Baekhyun smiled wider, leaning in. This was his forte. 

“And?” He prompted. 

Kyungsoo bit his bottom lip nervously (a habit he wished he could quit). He wanted to tell someone about the whole story, and that someone would certainly be Baekhyun, one of his closest-friends-turned-coworkers ever since he recommended Baekhyun to head this project. But now was not the time or the place.

“And nothing,” Kyungsoo said decisively. “Are we still on schedule?” 

Deflating a bit, Baekhyun switched back to formal mode when he answered. 

“Yep, we open in two weeks. We should put up ‘coming soon’ signs, yeah?”

Kyungsoo ran his fingers through his short-cropped hair with a sigh. With the signs came publicity, of course. With publicity came the inevitable neighbourhood upset. 

“The minute people see the signs we’ll have protestors,” Kyungsoo said. Baekhyun nodded.

“People picketing the Big Bad Chain Store for ruining the soul of their neighbourhood. I know. But we’ll seduce them with our selection and discounts.”

“Right, sure. We sell cheap books so more people can buy books.”

“Right!” Baekhyun said happily, patting Kyungsoo on the back. 

When Kyungsoo’s mobile phone rang in his pocket it startled him. He rushed to answer it.

“Hello?”

“Kyungsoo,” the familiar voice boomed on the other side of the line. “How’s progress?”

“Everything looks good so far, dad,” Kyungsoo said quietly.

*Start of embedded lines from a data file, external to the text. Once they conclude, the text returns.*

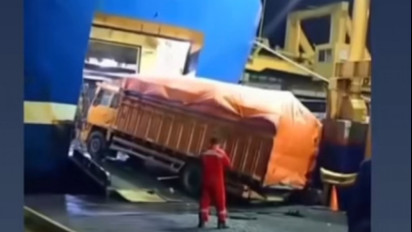 Imbas Truk Jatuh ke Laut Merak, Dirjen Perhubungan Darat Minta Operator Pelabuhan Larang Kendaraan ODOL Masuk Kapal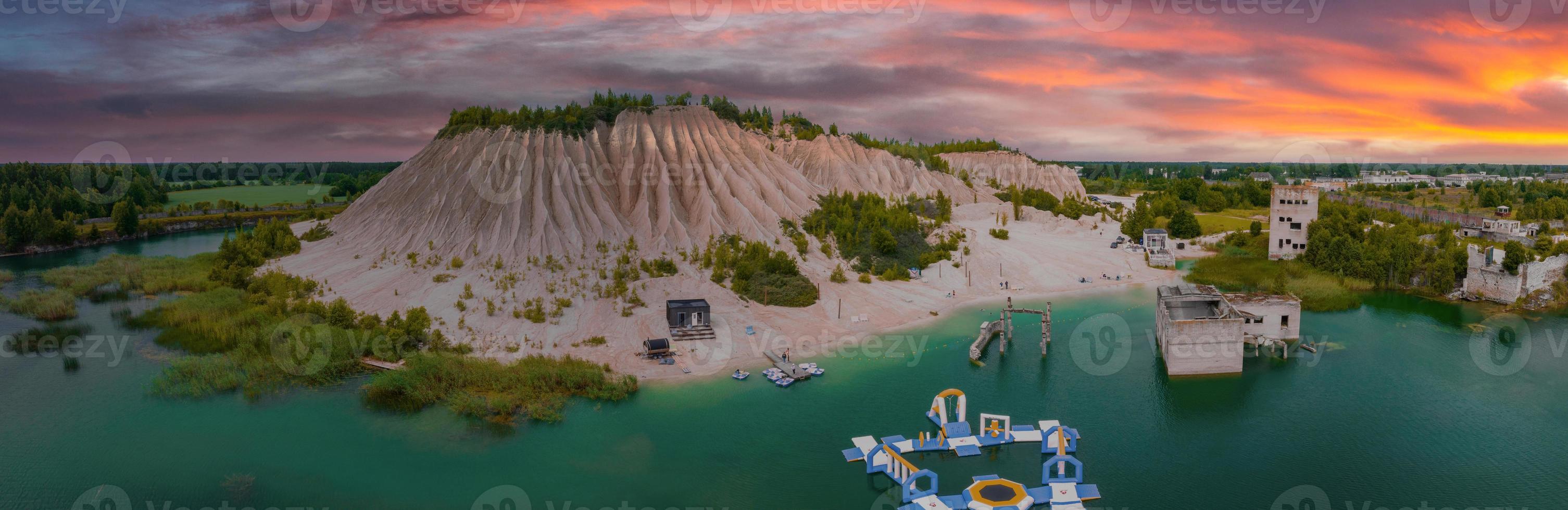 carrière abandonnée pour l'extraction de calcaire. belle nature, attraction en estonie. photo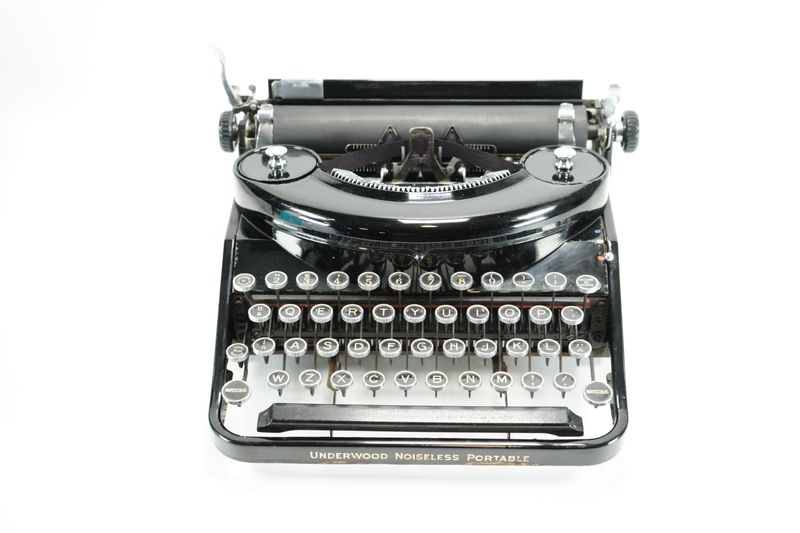 Underwood Noiseless Portable Vintage Manual Typewriter, Serviced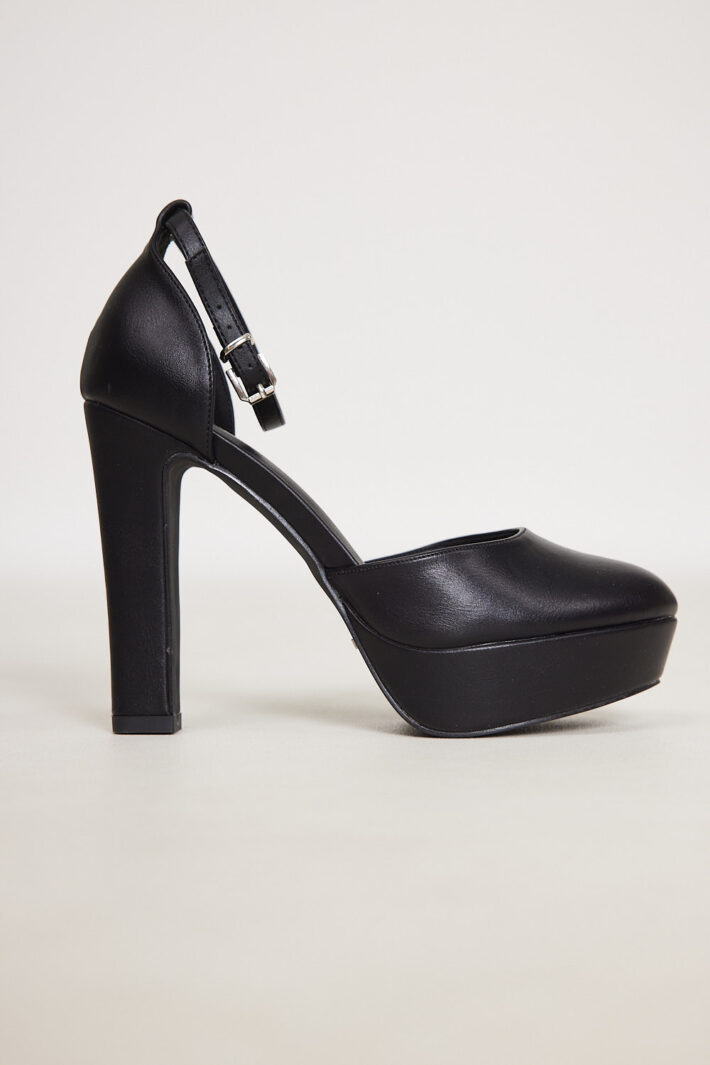 Naya שחור לאקה 3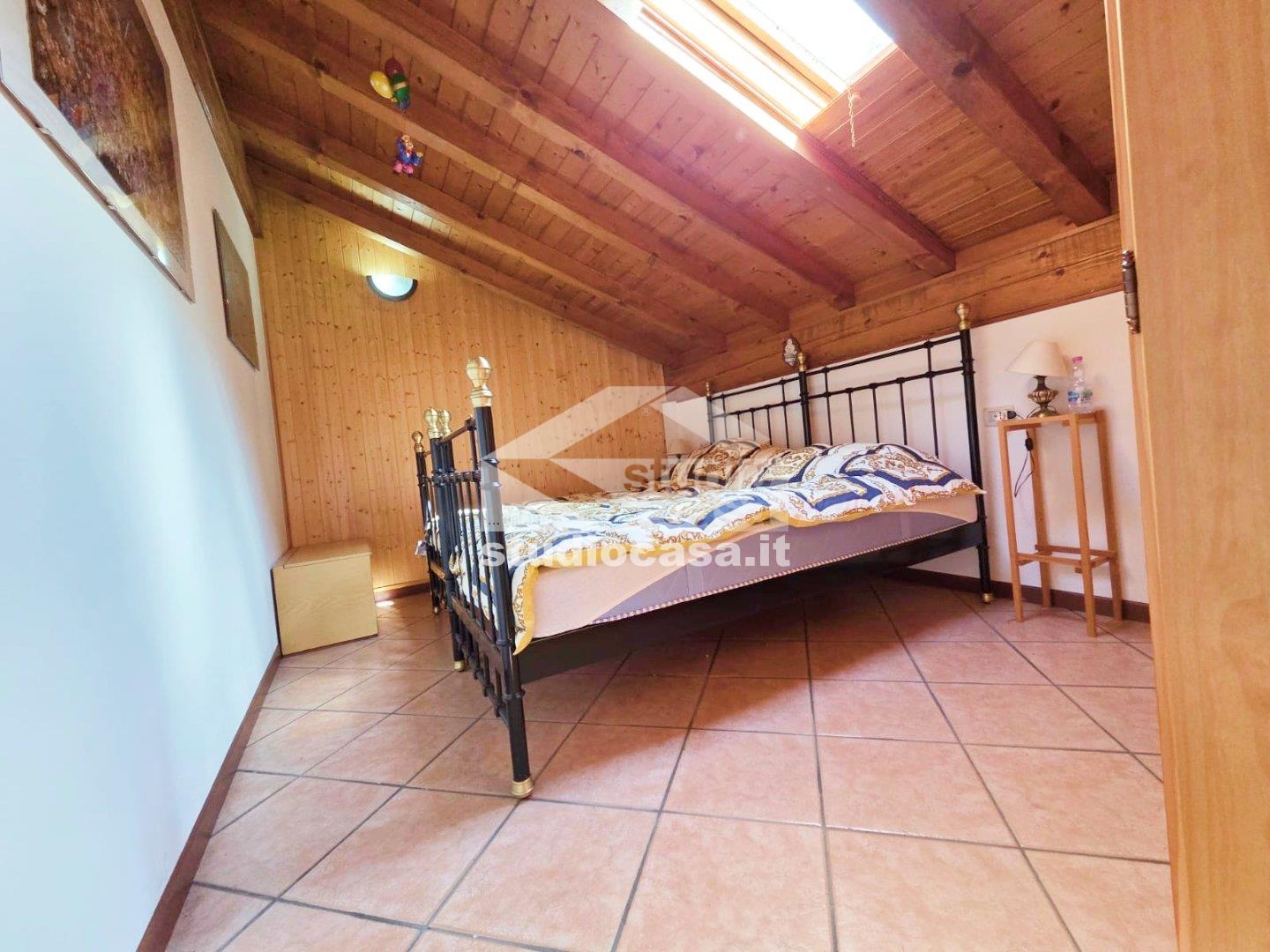 Appartamento in vendita a Gandellino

It had always been like that; something about his dad made Kyungsoo want to speak quietly, to disappear, to avoid being seen or heard. Now that he worked for the family business he did his best to combat this instinct. He cleared his throat.

“Dad, I’m a bit worried about the neighbourhood reception—”

“It doesn’t matter. There’s nothing those people can do about the store. Plus, they’ll eat it up eventually. What’s the competition now?”

Unsurprised but still disappointed about being cut off, Kyungsoo resigned himself to listing off information.

“Well, the store a few blocks down just closed, and we’re buying their stock of architecture books.”

Kyungsoo’s dad laughed and congratulated him on the defeat of another competitor. 

“We’re well on our way to being the only book store around,” his father said. 

“Well, there’s the children’s bookstore. The Shop Around The Corner?”

“I’ve heard of the place. I’m sure it’ll be easy to get such a niche shop to close down in no time, don’t you think?”

Kyungsoo’s stomach squirmed, but he agreed. He was about to end the conversation before his father chimed in again.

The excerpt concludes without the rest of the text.